MAN ON FIRE puts Denzel Washington into avenging angel harness for director Tony Scott’s flashbang 2004 action thriller. Dealing with a brazen kidnapping and its merciless payback, it was shot, with a good deal of difficulty, in Mexico (Mexico City, Puebla, Juarez) with a host of bodyguards on hand to protect the star playing one. Done up for $70,000,000, it didn’t break even at theaters, taking $77,912,000 in the States and Canada, $52,923,000 elsewhere. Then subsequent rentals and DVD sales racked another $123,000,000. Critics slighted it, for good reasons—lazy script, overly stylized direction, irritating camerawork and editing—but it delivers as a slaughter-slimeballs-with-extreme-prejudice vehicle for Washington, and as another showcase for the preternatural skill of his young co-star, 9-year old Dakota Fanning.
Burned-out former death dispenser for the CIA ‘John Creasey’ (Denzel, 48) is haunted by past deeds and prone to drink. Visiting an old comrade (Christopher Walken) in Mexico City, Creasey is hired as a bodyguard by wealthy ‘Sam Ramos’ (Marc Anthony) and his American trophy wife ‘Lisa’ (Radha Mitchell) to watch over their precocious daughter ‘Lupita’ (Fanning). Lonely ‘Pita’ takes a shine to the hard-shelled Creasey, who begins to thaw as he bonds with the child. Kidnappers intrude none too gently: vengeance must be served (cold, of course).
Raise your hand if you really want to see murderous child-abductors and corrupt cops go to trial?
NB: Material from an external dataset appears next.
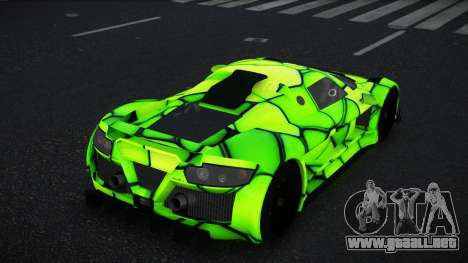 Gumpert Apollo Thoary S5 para GTA 4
Get a clue, simp: the only ‘justice’ we’re likely to get is in make-’em-suffer fantasies like this (hopefully sans all the “watch-me-directing” jive). Washington’s always good, and Fanning was one of the most extraordinary child actors ever to come from some other planet.
Brian Helgeland’s derivative, pretentious script was based on A.J. Quinnell’s 1980 novel, which sold 8,000,000 copies and spawned four more ‘Creasy’ adventures, plus a maligned 1987 film version of this one. Paul Cameron’s cinematography is part lush and dense, part hyper jittery (no doubt insisted by Scott); there’s a tense score from Harry Gregson-Williams. Enough of it looks good, and that makes Scott’s fixation on jagged jump-cuts, overdone closeups, film grain fiddling and repeated insertions of subtitling all the more frustrating. Just cut to the chase and off the bad guys, already. Novel use is made of a cigarette lighter.
Overlong at 146 minutes, with good turns from Rachel Ticotin, Giancarlo Giannini, Mickey Rourke, Jesús Ochoa (recipient of a C-4 enema) and Carmen Salinas.